Activity:
Each entry below should be restated word for word, without any picture it contains.

*** Records to process Section Begins ***

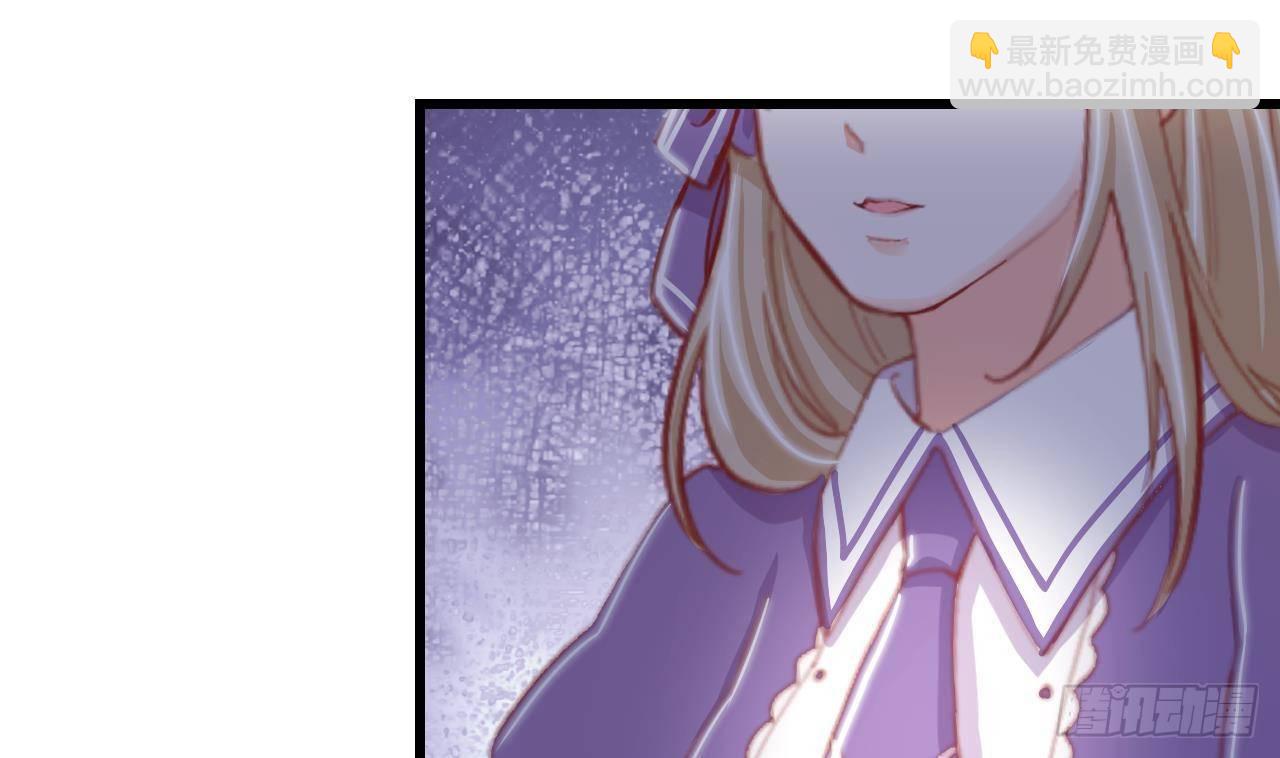 第21话 怀疑(1/2)-第23话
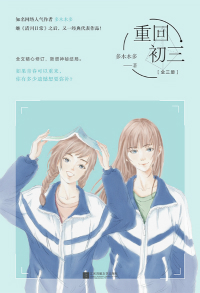 重回初三txt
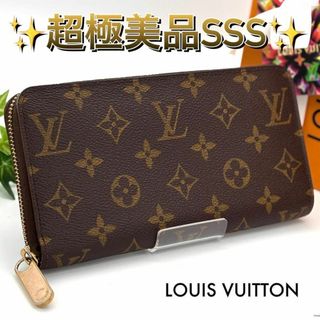 LOUIS VUITTON(財布 ・ ブラウン/茶色系)のフリマアイテム一覧 LOUIS VUITTON(財布 ・ ブラウン/茶色系)のフリマアイテム一覧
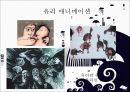 애니메이션의 종류와 유형에 대한 분석 30페이지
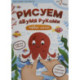 Рисуем двумя руками: первые линии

*** Records to process Section Ends ***

Answer to this problem:
 第21话 怀疑(1/2)-第23话
 重回初三txt
 LOUIS VUITTON(財布 ・ ブラウン/茶色系)のフリマアイテム一覧 LOUIS VUITTON(財布 ・ ブラウン/茶色系)のフリマアイテム一覧
 애니메이션의 종류와 유형에 대한 분석 30페이지
 Рисуем двумя руками: первые линии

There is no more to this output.